Here the prayer is for self-knowledge before God:
ETERNAL FATHER,
Thou art good beyond all thought,
But I am vile, wretched, miserable, blind;
My lips are ready to confess, but my heart is slow to feel,
. . . . and my ways reluctant to amend.
I bring my soul to thee;
. . . . break it, wound it, bend it, mould it.
Unmask to me sin’s deformity,
. . . . that I may hate it, abhor it, flee from it.
Conscious of sin, the penitent soul seeks refuge in the death of Jesus:
Yet still I live, and fly repenting to thy outstretched arms;
. . . . thou wilt not cast me off, for Jesus brings me near,
. . . . thou wilt not condemn me, for he died in my stead,
. . . . thou wilt not mark my mountains of sin, for he levelled all,
. . . . and his beauty covers my deformities.

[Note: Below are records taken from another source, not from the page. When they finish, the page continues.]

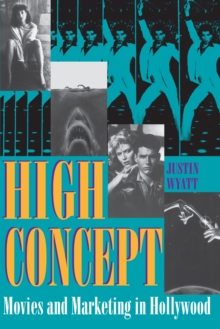 High Concept : Movies and Marketing in Hollywood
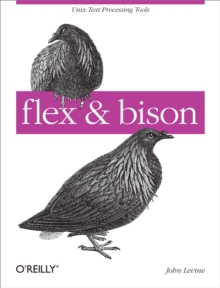 flex & bison : Text Processing Tools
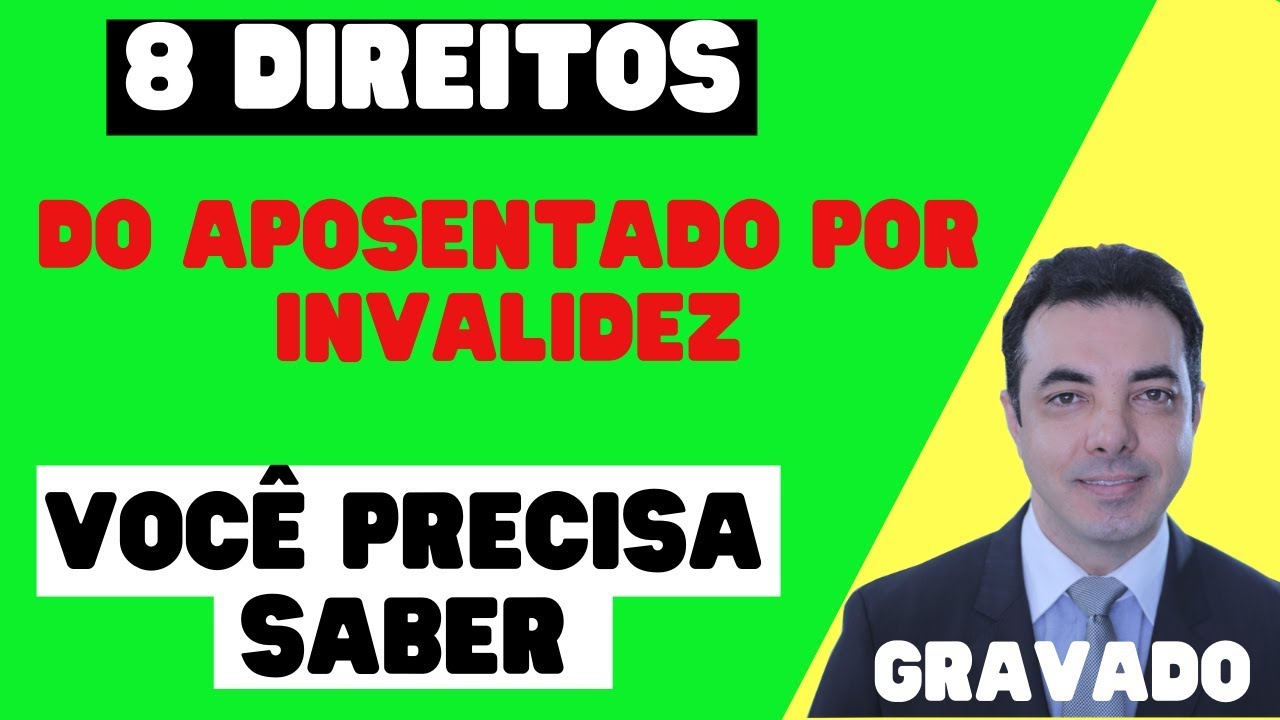 8 Direitos do Aposentado por Invalidez que Você Precisa Conhecer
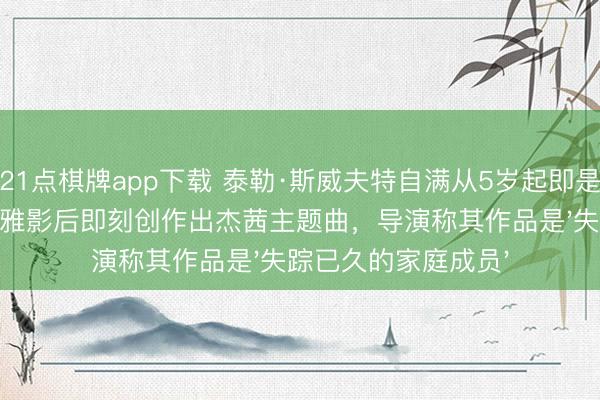 21点棋牌app下载 泰勒·斯威夫特自满从5岁起即是玩物总动员粉丝，早期不雅影后即刻创作出杰茜主题曲，导演称其作品是'失踪已久的家庭成员'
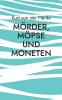 Mörder Möpse und Moneten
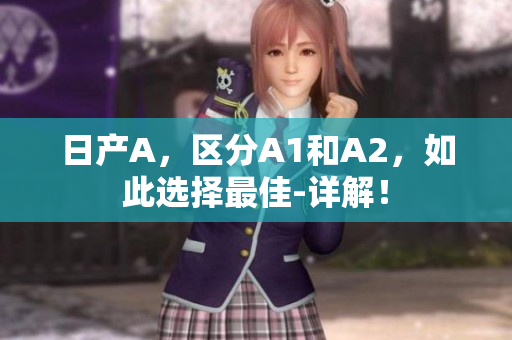 日产A，区分A1和A2，如此选择最佳-详解！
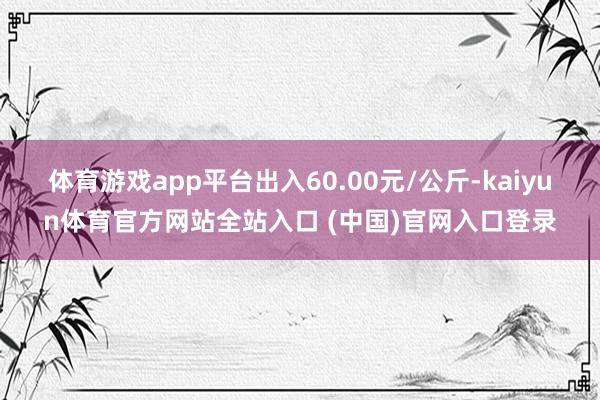体育游戏app平台出入60.00元/公斤-kaiyun体育官方网站全站入口 (中国)官网入口登录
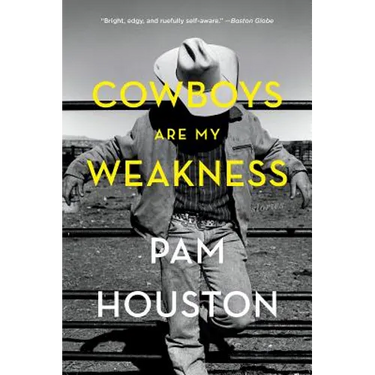 Cowboys Are My Weakness: Stories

O my God, I bid farewell to sin by clinging to his cross,
. . . . hiding in his wounds, and sheltering in his side.
Ultimately the penitent seeks not only forgiveness but life through grace:
Give me to distinguish between the mere form of godliness and its power,
. . . . between life and a name to live,
. . . . between guile and truth,
. . . . between hypocrisy and a religion that will bear thy eye.
If I am not right, set me right, keep me right;
And may I at last come to thy house in peace.2
Footnotes:
1 Arthur Bennett was a canon of St. Alban’s Cathedral, rector of Little Munden and Sacombe, Hertfordshire, and tutor at All Nations Christian College. He died in 1994, aged 79 years.
2 Arthur Bennett, ed., The Valley of Vision: A Collection of Puritan Prayers and Devotions (Edinburgh: Banner of Truth Trust, 1975), 70, 10, 95.